基础数据结构·数组

晴天和猫2023-06-022023-06-07

基础数据结构

数组

概述

定义

在计算机科学中，数组是由一组元素（值或变量）组成的数据结构，每个元素有至少一个索引或键来标识

In computer science, an array is a data structure consisting of a collection of elements (values or variables), each identified by at least one array index or key

因为数组内的元素是连续存储的，所以数组中元素的地址，可以通过其索引计算出来，例如：

1	int[] array = {1,2,3,4,5}

知道了数组的数据起始地址 $BaseAddress$，就可以由公式 $BaseAddress + i * size$ 计算出索引 $i$ 元素的地址

$i$ 即索引，在 Java、C 等语言都是从 0 开始
$size$ 是每个元素占用字节，例如 $int$ 占 $4$，$double$ 占 $8$

小测试

1	byte[] array = {1,2,3,4,5}

已知 array 的数据的起始地址是 0x7138f94c8，那么元素 3 的地址是什么？

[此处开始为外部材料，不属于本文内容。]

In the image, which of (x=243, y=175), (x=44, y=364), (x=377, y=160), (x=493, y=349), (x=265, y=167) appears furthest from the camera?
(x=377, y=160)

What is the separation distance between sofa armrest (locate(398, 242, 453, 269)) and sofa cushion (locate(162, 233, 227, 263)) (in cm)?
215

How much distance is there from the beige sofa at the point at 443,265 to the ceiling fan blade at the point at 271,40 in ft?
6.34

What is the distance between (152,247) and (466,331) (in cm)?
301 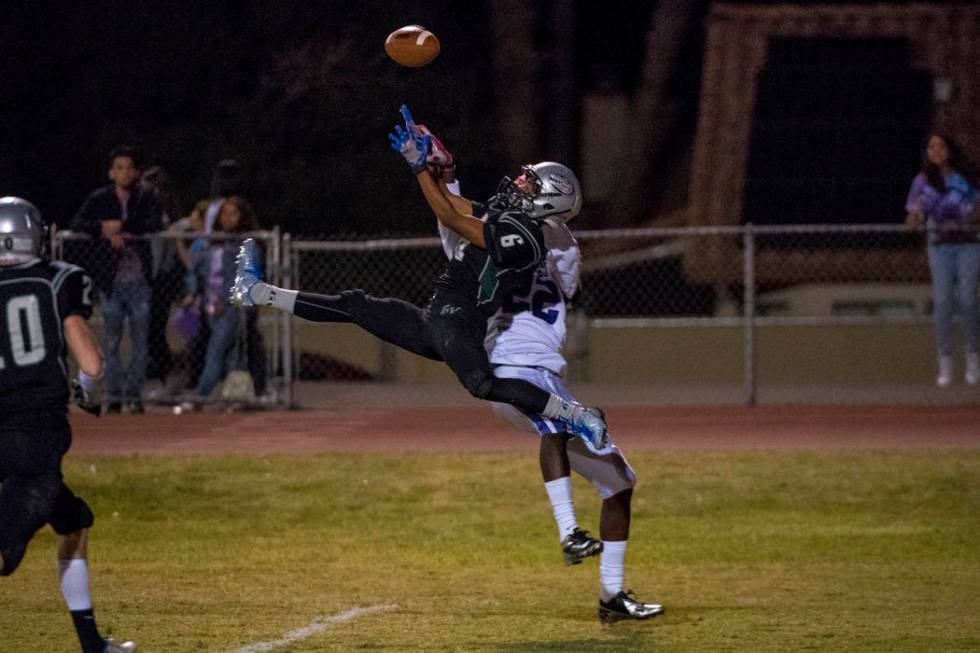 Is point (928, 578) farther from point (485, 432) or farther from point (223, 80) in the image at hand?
point (223, 80)

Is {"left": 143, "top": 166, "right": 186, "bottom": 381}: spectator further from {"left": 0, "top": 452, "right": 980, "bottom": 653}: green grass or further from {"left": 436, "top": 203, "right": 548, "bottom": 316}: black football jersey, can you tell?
{"left": 436, "top": 203, "right": 548, "bottom": 316}: black football jersey

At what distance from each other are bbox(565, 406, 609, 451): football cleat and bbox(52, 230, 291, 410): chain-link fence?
22.7ft

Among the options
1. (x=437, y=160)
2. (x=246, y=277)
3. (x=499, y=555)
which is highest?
(x=437, y=160)

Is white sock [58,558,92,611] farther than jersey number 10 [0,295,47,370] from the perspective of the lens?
Yes

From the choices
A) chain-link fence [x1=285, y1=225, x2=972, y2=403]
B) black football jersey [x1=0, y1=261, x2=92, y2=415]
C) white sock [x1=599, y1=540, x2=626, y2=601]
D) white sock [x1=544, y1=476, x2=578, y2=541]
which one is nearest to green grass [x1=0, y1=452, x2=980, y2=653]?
white sock [x1=599, y1=540, x2=626, y2=601]

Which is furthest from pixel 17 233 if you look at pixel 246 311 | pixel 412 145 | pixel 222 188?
pixel 222 188

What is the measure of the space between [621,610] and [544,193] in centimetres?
219

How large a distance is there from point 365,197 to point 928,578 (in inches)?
556

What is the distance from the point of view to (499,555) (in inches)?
425

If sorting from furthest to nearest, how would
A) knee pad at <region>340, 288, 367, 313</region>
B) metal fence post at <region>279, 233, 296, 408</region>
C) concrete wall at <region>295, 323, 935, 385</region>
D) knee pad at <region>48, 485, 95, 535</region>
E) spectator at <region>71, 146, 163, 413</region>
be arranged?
concrete wall at <region>295, 323, 935, 385</region> < metal fence post at <region>279, 233, 296, 408</region> < spectator at <region>71, 146, 163, 413</region> < knee pad at <region>340, 288, 367, 313</region> < knee pad at <region>48, 485, 95, 535</region>

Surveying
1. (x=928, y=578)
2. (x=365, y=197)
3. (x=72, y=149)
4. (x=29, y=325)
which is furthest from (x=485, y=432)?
(x=72, y=149)

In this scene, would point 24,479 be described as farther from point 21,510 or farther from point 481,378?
point 481,378

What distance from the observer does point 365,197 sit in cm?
2275

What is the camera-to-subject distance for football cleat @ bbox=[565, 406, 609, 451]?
795 centimetres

答：0x7138f94c8 + 2 * 1 = 0x7138f94ca

空间占用

Java 中数组结构为

8 字节 markword
4 字节 class 指针（压缩 class 指针的情况）
4 字节数组大小（决定了数组最大容量是 $2^{32}$）
数组元素 + 对齐字节（java 中所有对象大小都是 8 字节的整数倍[^12]，不足的要用对齐字节补足）

例如

1	int[] array = {1, 2, 3, 4, 5};

的大小为 40 个字节，组成如下

1	8 + 4 + 4 + 5*4 + 4(alignment)

随机访问性能

即根据索引查找元素，时间复杂度是 $O(1)$

动态数组

java 版本

public class DynamicArray implements Iterable<Integer> {
    private int size = 0; // 逻辑大小
    private int capacity = 8; // 容量
    private int[] array = {};


    /**
     * 向最后位置 [size] 添加元素
     *
     * @param element 待添加元素
     */
    public void addLast(int element) {
        add(size, element);
    }

    /**
     * 向 [0 .. size] 位置添加元素
     *
     * @param index   索引位置
     * @param element 待添加元素
     */
    public void add(int index, int element) {
        checkAndGrow();

        // 添加逻辑
        if (index >= 0 && index < size) {
            // 向后挪动, 空出待插入位置
            System.arraycopy(array, index,
                    array, index + 1, size - index);
        }
        array[index] = element;
        size++;
    }

    private void checkAndGrow() {
        // 容量检查
        if (size == 0) {
            array = new int[capacity];
        } else if (size == capacity) {
            // 进行扩容, 1.5 1.618 2
            capacity += capacity >> 1;
            int[] newArray = new int[capacity];
            System.arraycopy(array, 0,
                    newArray, 0, size);
            array = newArray;
        }
    }

    /**
     * 从 [0 .. size) 范围删除元素
     *
     * @param index 索引位置
     * @return 被删除元素
     */
    public int remove(int index) { // [0..size)
        int removed = array[index];
        if (index < size - 1) {
            // 向前挪动
            System.arraycopy(array, index + 1,
                    array, index, size - index - 1);
        }
        size--;
        return removed;
    }


    /**
     * 查询元素
     *
     * @param index 索引位置, 在 [0..size) 区间内
     * @return 该索引位置的元素
     */
    public int get(int index) {
        return array[index];
    }

    /**
     * 遍历方法1
     *
     * @param consumer 遍历要执行的操作, 入参: 每个元素
     */
    public void foreach(Consumer<Integer> consumer) {
        for (int i = 0; i < size; i++) {
            // 提供 array[i]
            // 返回 void
            consumer.accept(array[i]);
        }
    }

    /**
     * 遍历方法2 - 迭代器遍历
     */
    @Override
    public Iterator<Integer> iterator() {
        return new Iterator<Integer>() {
            int i = 0;

            @Override
            public boolean hasNext() { // 有没有下一个元素
                return i < size;
            }

            @Override
            public Integer next() { // 返回当前元素,并移动到下一个元素
                return array[i++];
            }
        };
    }

    /**
     * 遍历方法3 - stream 遍历
     *
     * @return stream 流
     */
    public IntStream stream() {
        return IntStream.of(Arrays.copyOfRange(array, 0, size));
    }
}

这些方法实现，都简化了 index 的有效性判断，假设输入的 index 都是合法的

插入或删除性能

头部位置，时间复杂度是 $O(n)$

中间位置，时间复杂度是 $O(n)$

尾部位置，时间复杂度是 $O(1)$（均摊来说）